_Work to complete_
Would you print the material exactly, starting at its first line and ending at the line holding "Vintage Y2K Black"?

[Start of Attachment]

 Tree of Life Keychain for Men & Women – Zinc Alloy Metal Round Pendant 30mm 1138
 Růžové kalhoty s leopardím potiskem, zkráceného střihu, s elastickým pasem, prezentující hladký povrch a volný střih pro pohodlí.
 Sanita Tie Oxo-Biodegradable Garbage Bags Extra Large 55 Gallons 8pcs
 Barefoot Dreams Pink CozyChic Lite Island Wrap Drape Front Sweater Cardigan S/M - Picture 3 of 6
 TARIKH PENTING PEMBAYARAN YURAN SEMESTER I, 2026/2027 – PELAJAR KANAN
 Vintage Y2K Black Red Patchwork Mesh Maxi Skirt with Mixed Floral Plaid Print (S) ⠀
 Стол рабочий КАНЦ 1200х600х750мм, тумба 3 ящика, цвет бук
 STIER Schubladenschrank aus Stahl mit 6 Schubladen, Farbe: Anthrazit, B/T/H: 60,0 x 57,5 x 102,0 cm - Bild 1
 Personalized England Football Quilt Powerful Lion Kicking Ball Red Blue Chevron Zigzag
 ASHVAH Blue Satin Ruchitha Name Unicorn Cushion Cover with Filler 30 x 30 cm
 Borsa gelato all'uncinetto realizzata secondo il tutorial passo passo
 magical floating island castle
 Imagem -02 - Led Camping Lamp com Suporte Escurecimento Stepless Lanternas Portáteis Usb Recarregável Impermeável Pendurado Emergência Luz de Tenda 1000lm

[End of Attachment]

_Exercise result_
 Tree of Life Keychain for Men & Women – Zinc Alloy Metal Round Pendant 30mm 1138
 Růžové kalhoty s leopardím potiskem, zkráceného střihu, s elastickým pasem, prezentující hladký povrch a volný střih pro pohodlí.
 Sanita Tie Oxo-Biodegradable Garbage Bags Extra Large 55 Gallons 8pcs
 Barefoot Dreams Pink CozyChic Lite Island Wrap Drape Front Sweater Cardigan S/M - Picture 3 of 6
 TARIKH PENTING PEMBAYARAN YURAN SEMESTER I, 2026/2027 – PELAJAR KANAN
 Vintage Y2K Black Red Patchwork Mesh Maxi Skirt with Mixed Floral Plaid Print (S) ⠀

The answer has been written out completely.